Let's start with this morning's epic parenting fail. Carson is a sweet one year old, and he's generally happy and easy going... as of late, he's been a little, hm, moody. C has got a temper. It's turned into this shrill scream which I cannot seem to get a handle on. I believe he's frustrated with his inability to communicate. He is very vocal for a one year old and is generally able to communicate his needs with his words, but man oh man sometimes we head south quick! He's not a big fan of "no" right now, so I'll be honest, I'm tired. I'm tired of telling him no, I'm tired of the fits when he doesn't get his way. I'm mostly tired emotionally from what "no" does to him. He is too young to understand why he can't have something, or touch something, or bite, or scream in public, so he's just heart broken by the fact that I'm disciplining him. His heart truly hurts knowing I'm disappointed in him, but he just won't listen on the first try anymore. So, this morning: Jake and I took Carson to breakfast with the Haley's. Carson was fussy from the minute we arrived, he didn't want to eat, he threw his food on the floor, he screamed his shrill scream, he pinched Finley, he fussed... we disciplined as we felt necessary for a one year old... then I finally figured I'd hold him a bit while Jake finished his breakfast. Since I was flustered by the screaming, I overlooked how close my full cup of water was to us, yep.. you guessed it. ALL OVER MY LAP. So, with the bacon left unfinished on my plate, I frantically left the restaurant feeling like a total failure. I drove home feeling so defeated, I was wearing a cup of water, and maybe added a few tears to the liquid in my lap.. and I started thinking.. why was I so upset? Here's the honest truth:
1) I was embarrassed.
2) I felt like a failure of a mother who couldn't "control" her child in public.

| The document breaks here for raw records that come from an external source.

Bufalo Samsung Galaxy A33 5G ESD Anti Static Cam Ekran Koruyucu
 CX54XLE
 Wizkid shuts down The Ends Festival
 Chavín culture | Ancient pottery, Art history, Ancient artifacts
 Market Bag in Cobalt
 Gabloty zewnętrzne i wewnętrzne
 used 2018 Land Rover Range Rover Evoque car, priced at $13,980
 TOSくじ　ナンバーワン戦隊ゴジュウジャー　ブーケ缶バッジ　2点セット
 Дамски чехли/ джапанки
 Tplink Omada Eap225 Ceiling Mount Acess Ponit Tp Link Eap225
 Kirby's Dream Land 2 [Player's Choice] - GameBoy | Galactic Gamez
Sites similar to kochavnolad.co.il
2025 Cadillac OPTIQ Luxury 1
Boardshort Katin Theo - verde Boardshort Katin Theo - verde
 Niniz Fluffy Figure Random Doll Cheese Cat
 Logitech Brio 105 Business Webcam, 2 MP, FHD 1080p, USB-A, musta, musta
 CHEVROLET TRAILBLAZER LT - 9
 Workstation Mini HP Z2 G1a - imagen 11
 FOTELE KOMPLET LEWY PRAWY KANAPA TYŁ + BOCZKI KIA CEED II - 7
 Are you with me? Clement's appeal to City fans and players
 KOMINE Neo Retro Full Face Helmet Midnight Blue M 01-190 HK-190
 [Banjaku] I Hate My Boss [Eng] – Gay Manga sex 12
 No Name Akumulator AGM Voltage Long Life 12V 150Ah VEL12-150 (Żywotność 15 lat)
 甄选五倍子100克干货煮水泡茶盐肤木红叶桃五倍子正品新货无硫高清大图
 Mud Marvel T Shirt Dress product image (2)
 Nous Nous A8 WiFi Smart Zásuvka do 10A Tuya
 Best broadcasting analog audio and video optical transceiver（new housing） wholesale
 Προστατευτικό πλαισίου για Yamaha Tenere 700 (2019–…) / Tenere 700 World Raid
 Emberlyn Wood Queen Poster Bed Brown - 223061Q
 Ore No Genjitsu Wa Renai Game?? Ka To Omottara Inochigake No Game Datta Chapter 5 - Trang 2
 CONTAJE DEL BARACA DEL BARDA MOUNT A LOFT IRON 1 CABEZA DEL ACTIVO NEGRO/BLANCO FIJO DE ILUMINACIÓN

3) I was worried because I didn't know what was wrong with Carson, teeth, upset stomach, tired... was he hurting in some way he couldn't tell me..
4) I was mad. Mad at the situation, mad my pants were soaked..
5) I was heartbroken. I knew breakfast set the tone for our whole day, and I know he's too young to understand why I'm so disappointed. I was worried I wouldn't even want to play with him later (seriously, my heart is like an ugly 3 year old sometimes).
6) I realized I had failed Carson in my response.
7) I realized I failed Jake and the Haley's with my response. My response made the situation way worse than it was.. sorry guys!
8) then I prayed... I prayed for forgiveness, patience, grace, and peace.
9) Then we got home... Carson is still extremely fussy... I believe it's teeth but I sure don't know! I do know we will survive today, and I hope he wakes up feeling better from his nap.
Here's what I'm telling myself right now:
I am not a failure. I love my son. Child rearing is hard. I love him so much. I care about his soul. I am not perfect. I don't expect him to be perfect either. He can't say sorry but I can forgive him. He loves me. I am not alone. I can apologize to him even though he doesn't understand. I need God daily to be the mother Carson deserves.
Lord help us as we try and navigate this parenting thing.